Metric | Suggested threshold | Description |
---|---|---|
Failed pods count | Dependent on cluster (some failed pods in a development environment might be expected). | Observe the number of pods in a failed state. Depending on the type of environment you are in and what else runs on your platform it might be normal to have a few failed pods. Configure the threshold accordingly. |
Containers running out of disk space | FS >75% for 5 minutes (Warn) FS >90% for 5 minutes (Critical) | As well as the underlying operating system disk filling the containers running on your platform, use disk, both ephemeral and persistent, and significant increases in this or running for high intervals with high usage may impact service. |
Container memory usage | >90% for 5 minutes (Warn) >95% for 5 minutes (Critical) | Containers consume memory from the underlying operating system.
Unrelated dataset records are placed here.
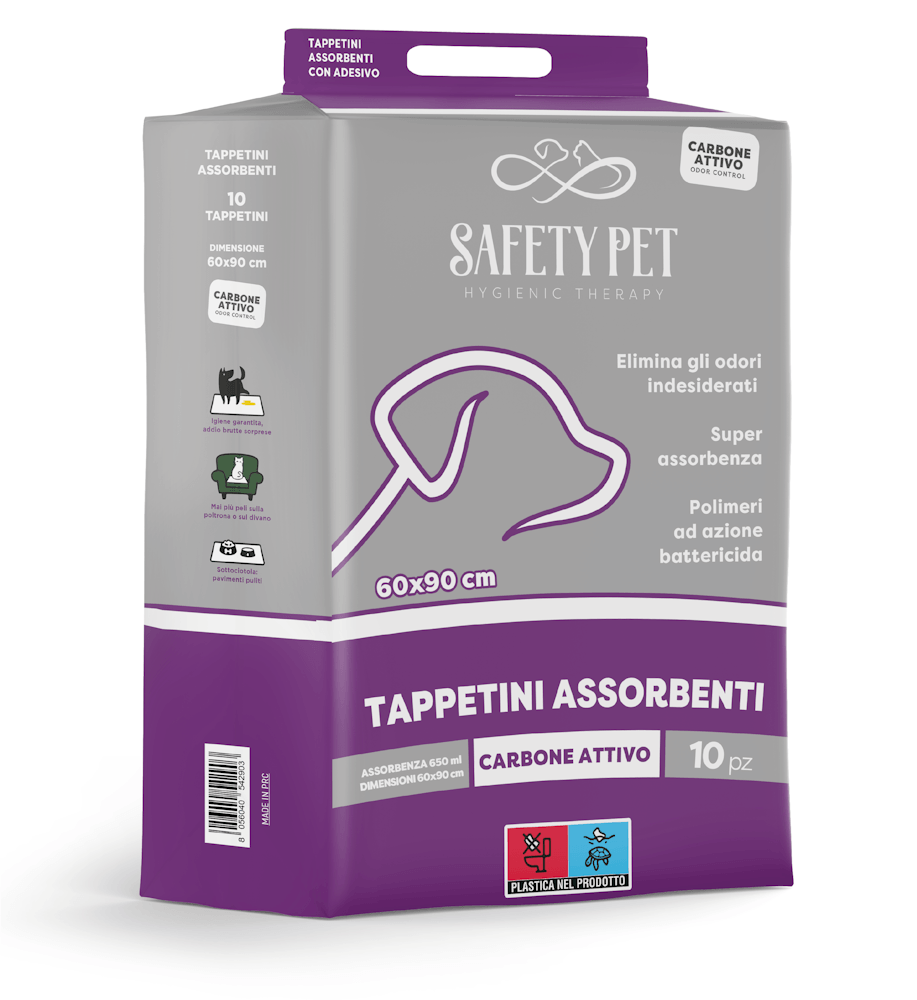 Safety Pet - хигиенни подложки Quickdry Carbon 60x90 10 бр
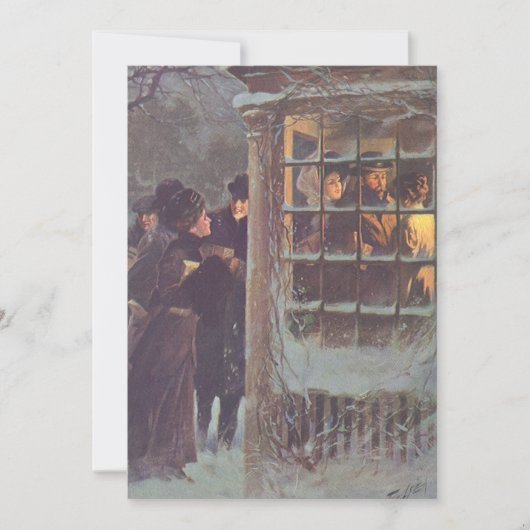 uitnodiging voor Victoriaans kerstfeestdagen (Voorkant)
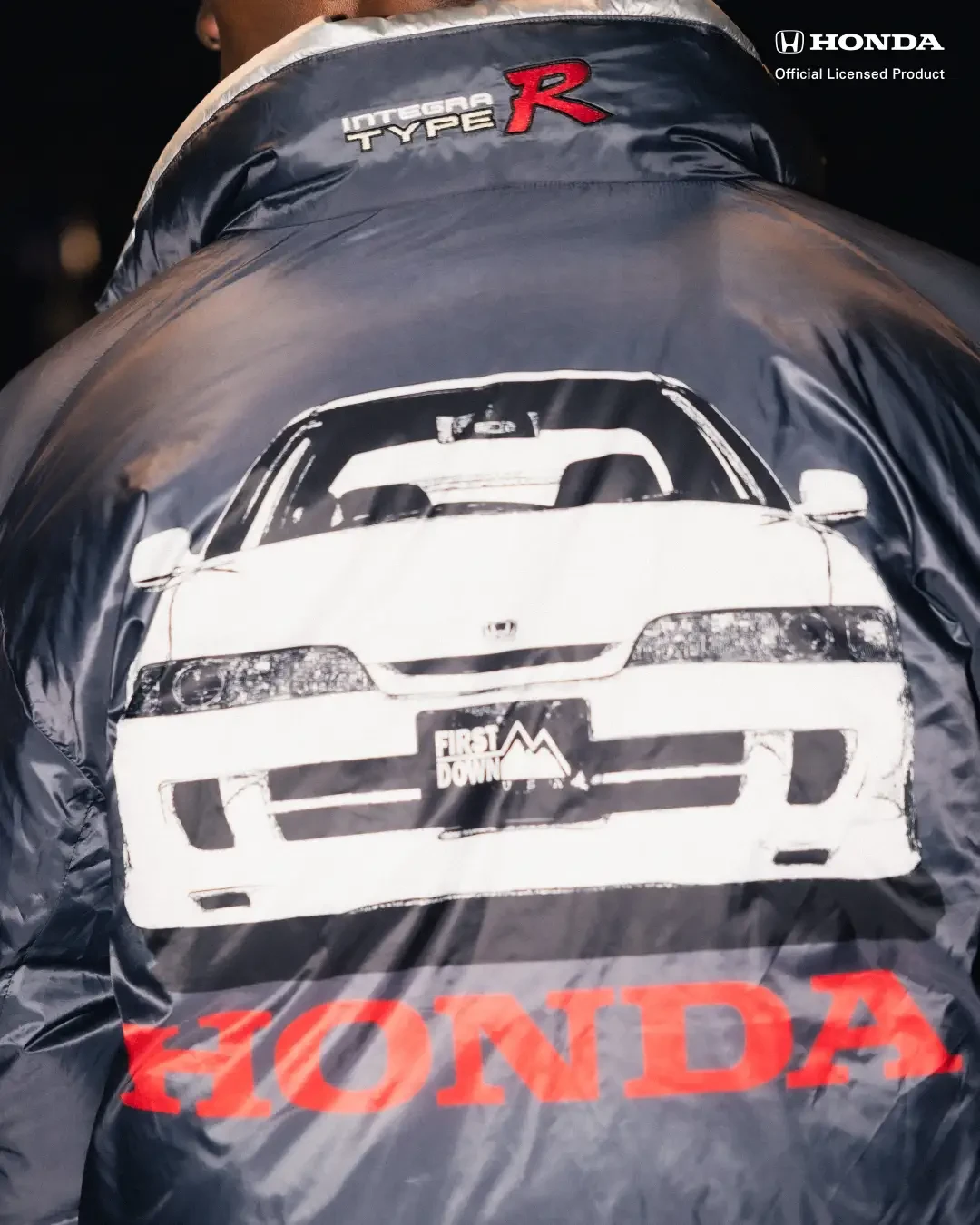 FIRST DOWN USA × Honda 名車「INTEGRA TYPE R」とのコラボレーションアイテムが発売 (ファーストダウン ホンダ インテグラ)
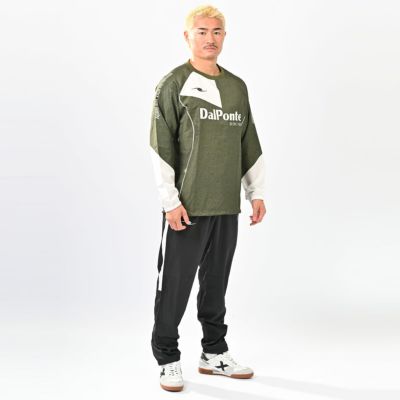 値下げ！DalPonte 長袖ピステ 黒/グレー　新品未使用 DESCENTE バレーボール 長袖プラクティスピステ -デサントストア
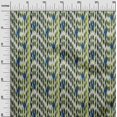 thumbnail image 2 of oneOone Tissu Popeline de Coton Rayé & Chevron Imprimé Ikat Tissu de Couture BTY 56 Pouces de Large, 2 of 4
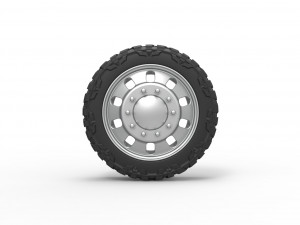 Front semi wheel for pickup Version 21 Scale 1 to 25 3D Print Model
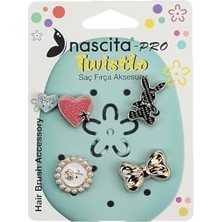 Nisar Store 4lü Saç Fırça Aksesuarı - 07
They are typically configured with requests and limits to prevent one container from consuming all the memory from the system. As workloads grow, the limits might be reached and need to be adjusted. If they aren’t set, you want to ensure that containers are not consuming too much node memory. |
Container CPU usage | >90% for 5 minutes (Warn) >95% for 5 minutes (Critical) | Container CPU works under the same basis as container memory previously described. |
Pods unschedulable | >0 for 7 minutes | If a pod can’t be scheduled, there might be issues on the cluster. You might not have enough nodes so there isn’t enough capacity. There might also be an issue with a specific type of node or a constraint not being met for the pod deployment, such as storage availability. Check these because it can be an early warning sign of an issue. |
Pods not ready | >0 for 10 minutes | Pods must be ready and available in a reasonable time frame. If they are taking significant time to become ready, this can be a sign that something is not running as expected. |
OOM Killed events | >0 for 15 minutes | If a pod consumes too much memory and surpasses its quotas and limits, or significantly impacts the node, an out of memory error can kill it. If this happens, review the application to see if the memory must be adjusted. Also, adjust quotas and limits accordingly. It also might be an underlying issue with the application. |
Pod evictions | >0 for 10 minutes | These occur when a node is resource starved. It might be Kubernetes rebalancing itself and scaling up nodes or shifting workload to another node that is not at capacity. However, it might be an indication that you must manually scale your cluster. |
Replicaset count | >0 pods missing from replicaset | Replicasets are a deployment type that specify a set number of pods that must be running. If the number of replica pods is less than the count according to the replicaset, something is likely wrong. |
ImagePullBackOff | >10 count for 5 minutes | All pods run an image that comes from a registry, either directly from an upstream Domino registry or from some form of proxied internal registry. If you are getting ImagePullBackOff failures this might indicate an issue with the network issue connecting to it, the registry, or an authentication problem to the registry. |
Observe and monitor the following for each node in your Kubernetes cluster.
Metric | Suggested threshold | Description |
---|---|---|
Average CPU usage | >80% for 15 minutes | Average node CPU usage must not be significantly high for long periods of time |
Average memory usage | >90% for 15 minutes | Average node memory usage must not be significantly high for long periods of time |
Disk usage | FS >85% for 15 minutes | Local disk can be used for both the underlying operating system functionality as well as Kubernetes and the containers running on it. It might spike during high runs of containers and dip. This is normal behavior, but it should not be consistently high. |
Node not ready status | >0 for 30 minutes | If a node is in a not ready state, it cannot accept containers, so your Kubernetes platform will not be run at full capacity. |
Shared file system sizes | FS>75% (Warn) FS >90% (Critical) | Domino uses shared file systems for backing a number of its persistent volumes. These must be monitored and increased as workloads and volumes grow. |